By Tuesday 15 December 2020No Comments

I’ve only ever been kicked out of a pub once. In 2003. We were singing The Band Played Waltzing Matilda in the front bar. We were in suits. Red rag to a bull at The Exeter. Our advertising manager Ron was pushed backwards down Rundle St for a kilometre by two bouncers but he kept his feet and held them both with his Popeye forearms. Ron was always the best at 2-for-1 deals.

Beijing has kicked out the entire Australian wine industry and now I finally have something in common with Robert Hill Smith. A special bond that comes with achieving something together like being a part-owner of a champion homing pigeon or walking the Kokoda Track.

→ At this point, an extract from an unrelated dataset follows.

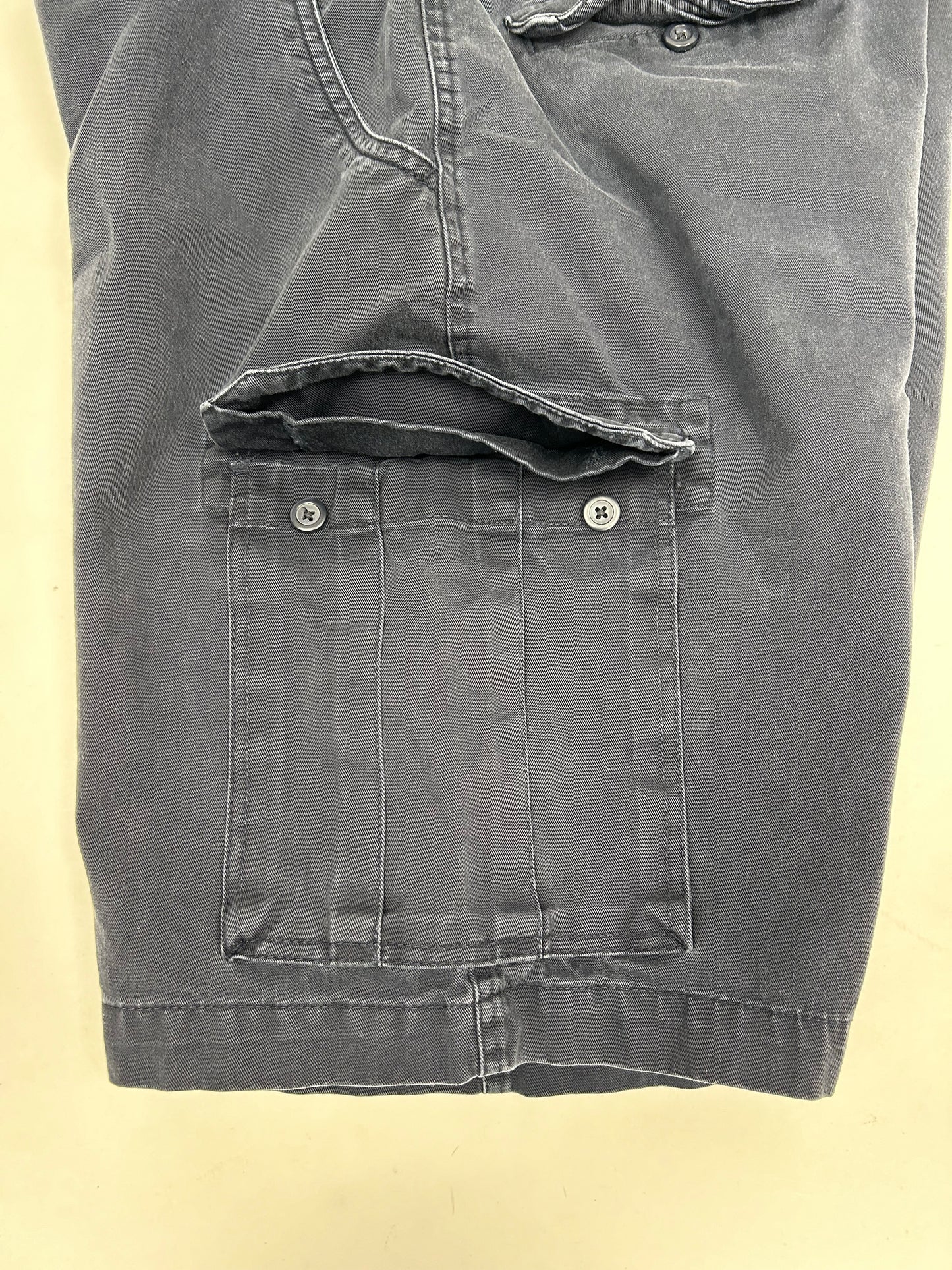 Vintage Tommy Hilfiger cargo shorts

It’s brought the industry together and we need red t-shirts with white cursive writing saying Penfolds on the front and Bin Had on the back.

It’s been 14 long days since we got the arse and Aussie winemakers are in reflective mood with a quiet resolve to do what it takes to get through it. It’s far from funereal. Hard when every second song on Triple M is Ding Dong Merrily On High. The Christmas shows are on. The attitude seems to be, let’s limp into Christmas and worry about it later.

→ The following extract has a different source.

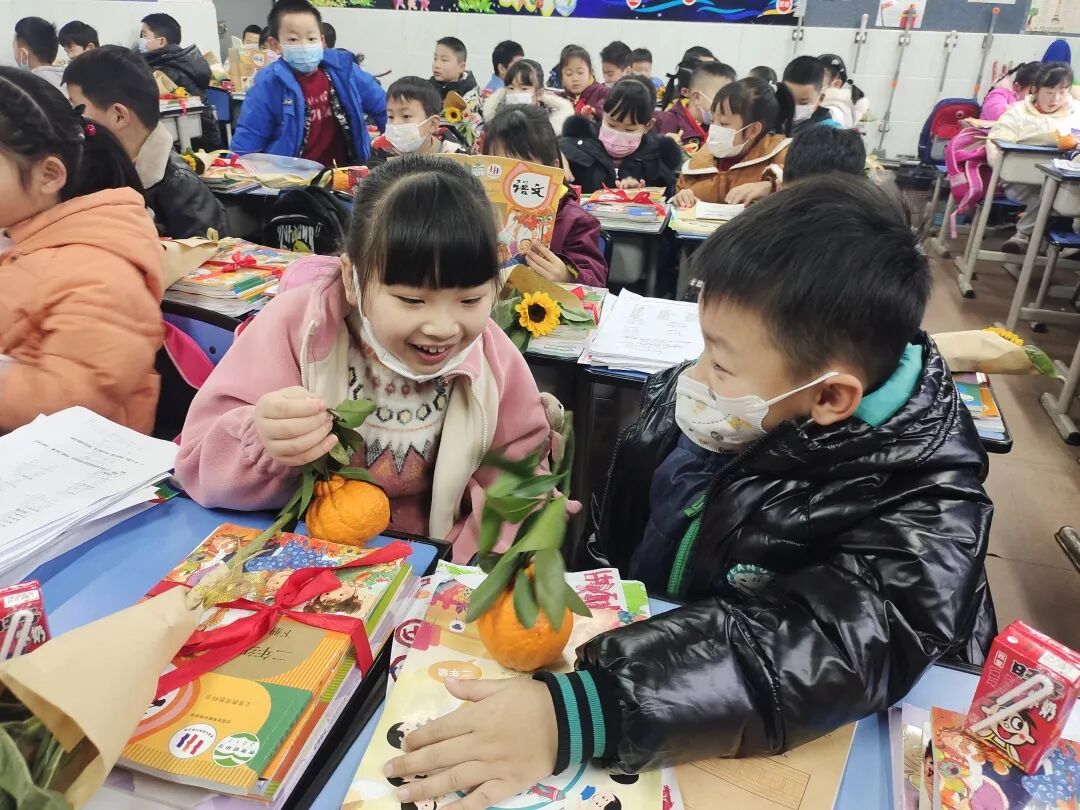 火一开学季|开学啦||春天,与读书同行!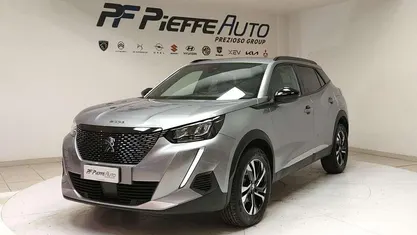Grigio Usata 2023 Peugeot 2008 Allure SUV | 20.900 € (Buon prezzo)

Barossa Grape & Wine emailed an update to members on Wednesday. The main headline read “Barossa Community Long Lunch – Friday 11 December.” That’s the Barossa I know. When the shit hits the frost fan, get on it and don’t go back to work.

The show must go on like the band on the Titanic. Don’t scare people just in case panic sets in and grape prices plummet and all the life rafts are taken.

The Barossa, McLaren Vale, Langhorne Creek and the Riverland are the regions with the most to think about.

The Barossa Leader is not overly concerned about any local fallout – this week’s front page was about a tree that blew over. Xi Jinping got a mention on Page 77 below the Gnadenfrei Lutheran Church cleaning roster and a photo of a St Kitts farmer with an oversized zuccini and leather braces holding his brown Farrah slacks up.

One Barossa winemaker told me the region is feeling “philosophical”.

I was at The Salopian in McLaren Vale on Wednesday. Great food. Good to see decanters galore on the shelves. We should go to places that are so supportive of wine. A McLaren Vale winemaker told me the mood in the region is a “mix of panic and apathy”.

It’s demoralising for the Riverland, which was just starting to shine. Just five months ago, emboldened about firming grape prices, the Riverland had a crack at WBM (in particular, a columnist) for writing about “the glistening entrails of the Riverland wine industry”. That was written 13 years ago! That’s a long time in wine. So is five months.

Some Riverland growers used to demand that anyone who bought red grapes from them, had to take some white grapes as well. Now if you want the white grapes, you’re going to have to take some red. Thank goodness for the $545,000 Riverland on the Verge virtual reality goggles aimed at the Chinese.

Bulk wine is safe. For now. A tax on that would be checkmate for some. Australians love working out how to beat the system legally. Just ask the ATO.

The tariff applies to bottled wine under two litres. So send it in large-format bottles. It’s a trade war so wheel out the heavy artillery – the dirty big Nebuchadnezzar. Make a glass bottle the size of a ship and fill it with Shiraz and get a tug boat to tow it to China. TWE is making noises about producing wine in China. Penfolds should make a new Bin wine for China. Overdeliver to buggery, make it stack up commercially even with the tariff and wedge it between RWT and Grange. Chinese consumers wouldn’t bauk at any price hike because it’s a new product. It could be called, say, Bin Had. If that works, produce a more expensive wine called Bin Had Big Time.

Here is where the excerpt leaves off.